Technology

Tangkal Penipuan, Waspadai Second Party Fraud yang Berdampak Negatif Terhadap Jasa Keuangan

Industri jasa keuangan di Indonesia tengah menghadapi gelombang baru terkait penipuan second party fraud yang menimbulkan risiko besar terhadap integritas sektor tersebut. Pada Januari 2023 hingga Februari 2024, Otoritas Jasa Keuangan (OJK) menghentikan lebih dari 3.000 entitas keuangan ilegal. Ini memberikan peringatan terhadap kerentatan dalam sistem tersebut. Kasus penipuan keuangan yang meningkat sebesar 25% pada tahun 2023 itu sebagian besar berasal dari minimnya literasi keuangan.

CEO 1datapipe, Carrey Anderson, mengatakan hal ini menegaskan rentannya sektor jasa keuangan Indonesia, terutama di era meningkatnya second party fraud. Tidak seperti penipuan identitas tradisional atau third-party attack, second-party fraud ini melibatkan kompromi yang disengaja oleh seseorang yang dengan sukarela memberikan informasi pribadi mereka untuk memungkinkan penipuan, sering kali dengan imbalan kompensasi finansial.

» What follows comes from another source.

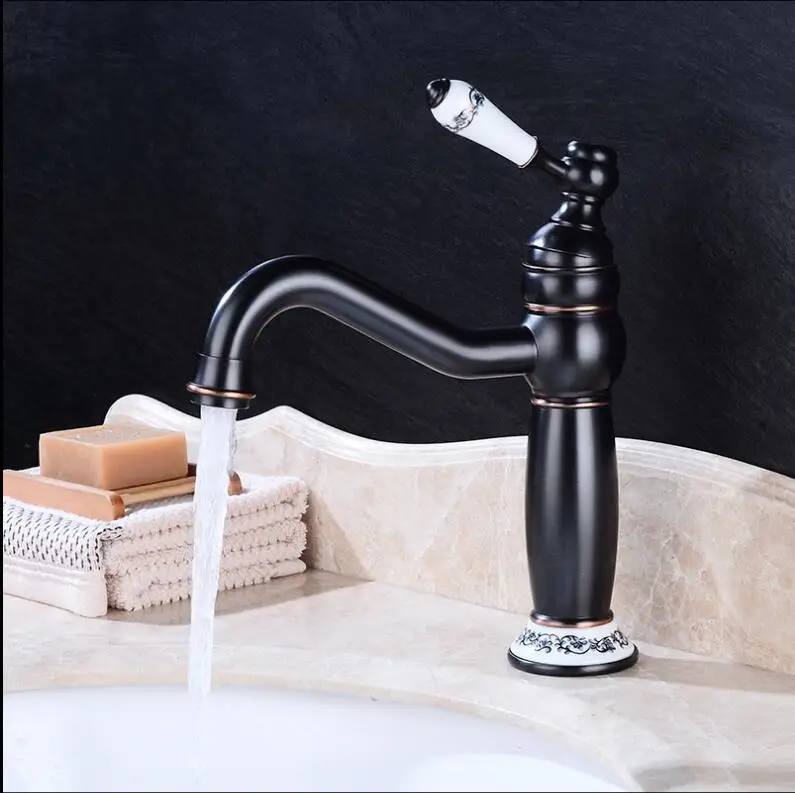 Vidric Basin Faucet Black Oil Brushed/Gold Brass Bathroom Sink Faucet Handle Deck Vintage Wash Faucet Hot Cold Mixer Tap Crane
Vidric Basin Faucet Black Oil Brushed/Gold Brass Bathroom Sink Faucet Handle Deck Vintage Wash Faucet Hot Cold Mixer Tap Crane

“Pasar negara berkembang seperti Indonesia sangat rentan karena adopsi digital yang tinggi dan rendahnya literasi keuangan, sehingga menyediakan lingkungan yang ideal bagi pelaku penipuan. Berdasarkan data dari Asosiasi Fintech Indonesia, platform fintek menghadapi upaya penipuan yang semakin canggih seperti second-party fraud,” ungkap Carey di Jakarta, Kamis (28/11/2024).

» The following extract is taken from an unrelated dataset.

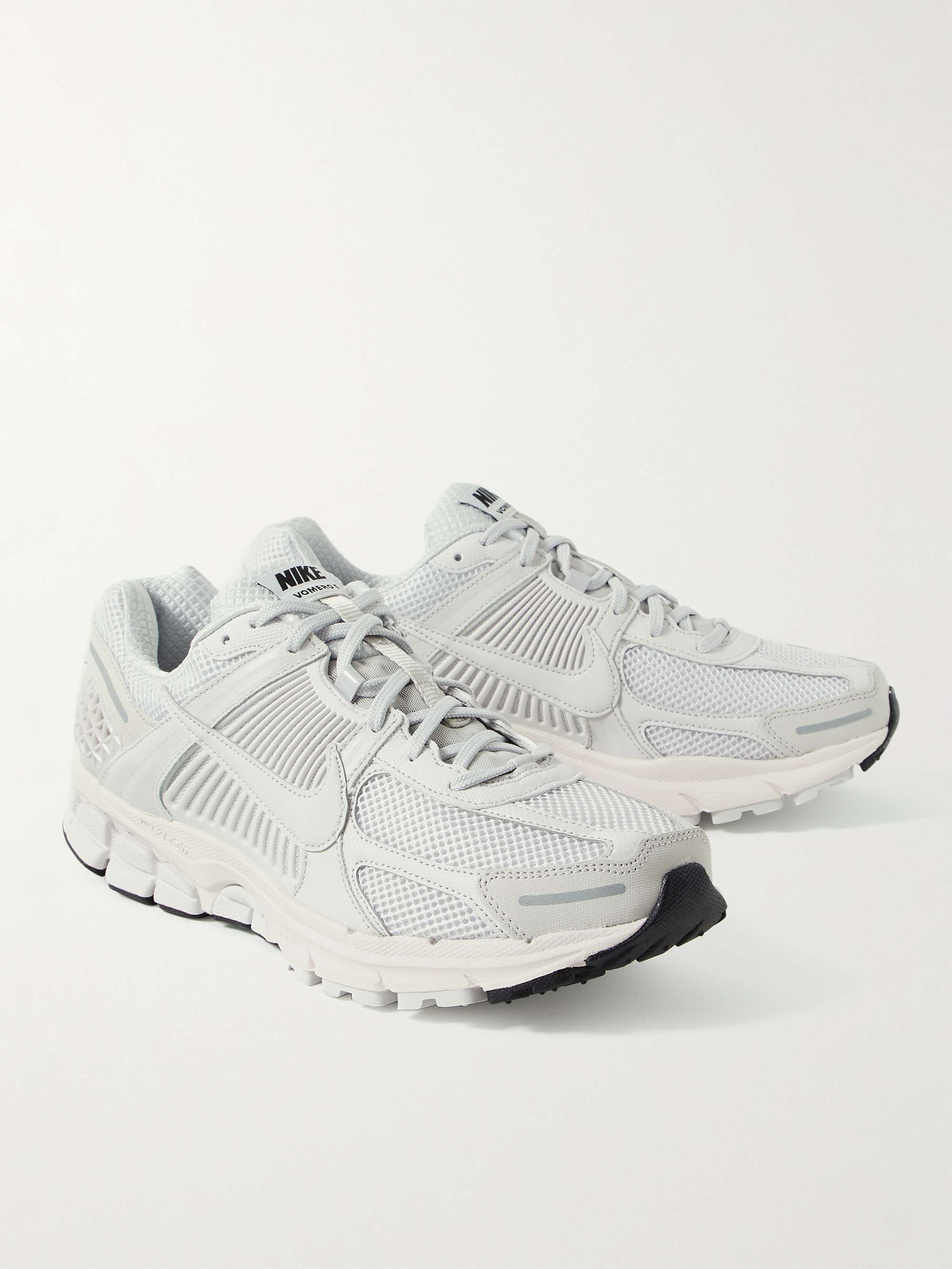 NIKE Zoom Vomero 5 Rubber-Trimmed Mesh and Leather Sneakers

Pasar berkembang seperti Indonesia menghadapi tantangan unik dalam memerangi second-party fraud . Carey, pada keterangan tertulisnya itu menyebutkan beragam faktr peningkatan second party fraud yangberkembang pesat di Indonesia disebabkan kombinasi rendahnya literasi keuangan serta tingginya adopsi digital menawarkan lingkungan yang tepat untuk dimanfaatkan oleh pelaku penipuan.

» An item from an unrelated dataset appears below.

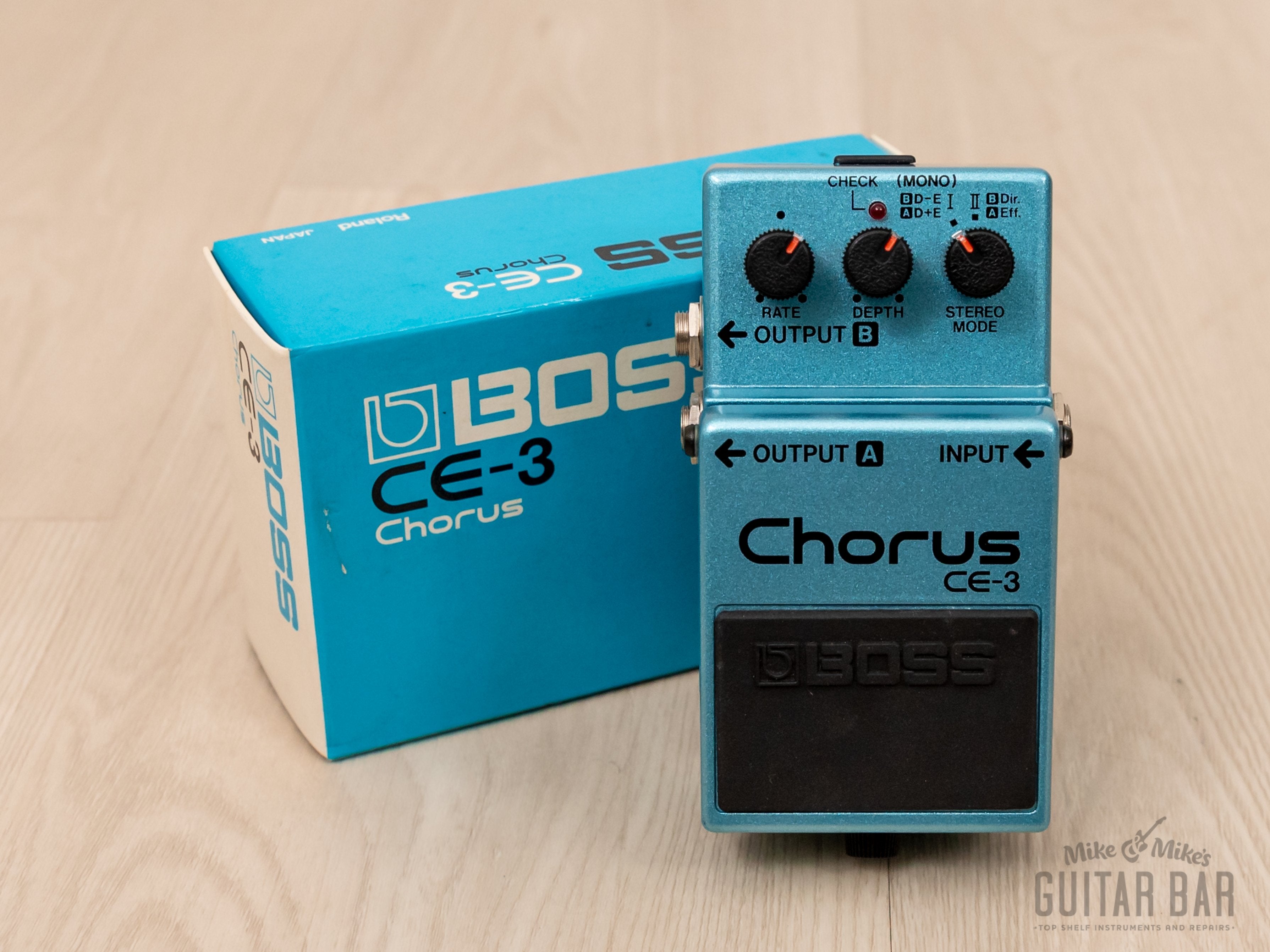 1984 Boss CE-3 Chorus Ensemble Stereo Vintage Guitar Effect Pedal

Pada Agustus 2024, Indonesia menduduki peringkat kedua setelah Singapura sebagai pusat investasi digital di Asia Tenggara. Walau demikia, data Otoritas Jasa Keuangan menunjukkan literasi keuangan kurang dari 50%. Kesenjangan literasi keuangan membuat banyak orang Indonesia rentan terhadap skema perekrutan yang modusnya mereka dibujuk meminjamkan rekening mereka untuk kegiatan terlarang. Hal ini menjelaskan mengapa second-party fraud meningkat di Indonesia

Laporan gabungan oleh Kroll dan the ACFE mengungkapkan bahwa sebesar 32% dari organisasi yang disurvei mengalami kerugian melebihi Rp1miliar per tahun akibat insiden terkait penipuan. Second-party fraud lebih merugikan bagi penyedia layanan keuangan karena jenis penipuan tersebut lebih sukar dipahami dan juga membebani proses sengketa, yang secara bertahap mengikis kepercayaan antara lembaga keuangan dan nasabahnya.

Pelaku penipuan makin sering memasukkan penipuan identitas sintetis ke dalam skema mereka, sehingga makin sulit bagi bank untuk membedakan antara aktivitas yang sah dan aktivitas penipuan. "Pengembangan teknik penipuan yang terus-menerus ini menimbulkan ancaman berkelanjutan terhadap stabilitas keuangan dan menekankan perlunya strategi deteksi penipuan berlapis yang waspada,” ucapnya.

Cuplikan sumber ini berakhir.